AUGUSTA — Historically, it’s a program that’s accustomed to playing in title games. Recently, though, it’s one that hasn’t been.

Well, after a spectacular second-half performance Wednesday against Hampden Academy, the Cony girls basketball team can say it’s going back — and that it’s one win away from cutting down nets for the first time since many of its current players were pre-schoolers.

Cony claimed a 52-40 victory over Hampden in the Class A North semifinals at the Augusta Civic Center. The Rams outscored the Broncos 29-12 in the second half to reach Friday’s regional title game against Lawrence. It’s Cony’s first regional championship game berth since 2013.

“It’s incredible for these girls,” said Cony head coach John Dennett. “This is a special group. They’ve been a part of the Cony girls basketball program ever since they were little, and they’ve been playing together forever. It’s something they’ve always dreamed about doing.”

Cony got 15 points and six rebounds from Abby Morrill, 12 points and 12 rebounds from Morgan Fichthorn, and 11 points and four rebounds from Morgan Cunningham. The Rams limited Hampden to just two field goals over the first 14 minutes, 50 seconds of game time in the second half.


Morrill got going early for No. 3 Cony (13-7), scoring the Rams’ first five points to pace them out to a 5-2 lead inside two minutes. Yet Hampden controlled the rest of the period, taking an 8-7 lead on back-to-back Aubrey Shaw baskets before a Lauren Voteur 3 with 10 seconds left gave the Broncos a 13-8 edge after one.

The second quarter saw neither side gain much advantage with No. 2 Hampden (14-6) failing to push its lead to double digits and Cony unable to get within one possession.
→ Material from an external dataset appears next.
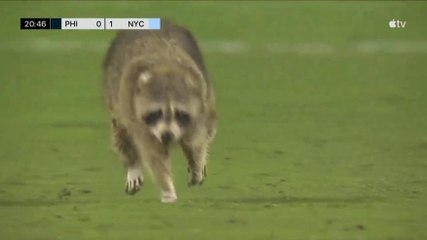 Pazzesca invasione di un procione in Mls: succede durante Philadelphia-New York City FC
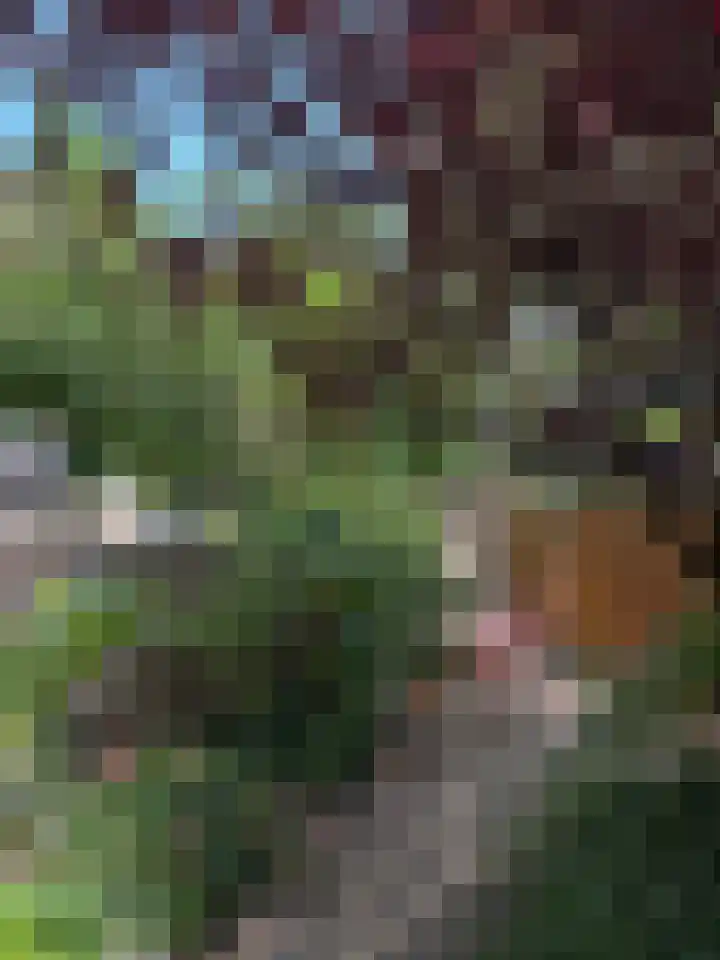 Tugelaweg 126 Amsterdam thumbnail 32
The Broncos went to the second half up 28-23 after Cony’s Maci Freeman hit a 3-pointer with 1:18 left in the half for the half’s final points.

“We were a little behind, but we knew that we were still in a spot where we could catch up,” Fichthorn said of her team’s halftime deficit. “We’ve been behind in these situations before — we’ve done it before in a lot of close games this season — so we knew we could do what we had to do to catch up.”

Cony certainly exhibited that resolve early in the second half, using layups from Morrill, Fichthorn and Cunningham to take a 29-28 lead. That was the first of seven lead changes in the third quarter as the Rams limited Hampden to six points in the period to take a 35-34 lead into the fourth.

Hampden Academy’s Eve Wiles defends Cony’s Morgan Cunningham during a Class A North girls basketball semifinal game Wednesday at the Augusta Civic Center. Joe Phelan/Kennebec Journal

While Hampden’s offensive struggles continued in the fourth quarter, Cony’s offense was at its strongest in a 17-point period. Morrill had six points, two of which came on a putback off of a missed free-throw attempt that put the Rams up double digits, and Cunningham and Fichthorn added four each.

“We’ve been kind of running that 1-3-1 zone all year, and everybody knows it and has been trying to break it, so the last couple days, we’ve tried to install a 1-2-2 three-corner press,” Dennett said. “We just wanted to slow them down and then sometimes speed them up, and it really worked for us tonight.”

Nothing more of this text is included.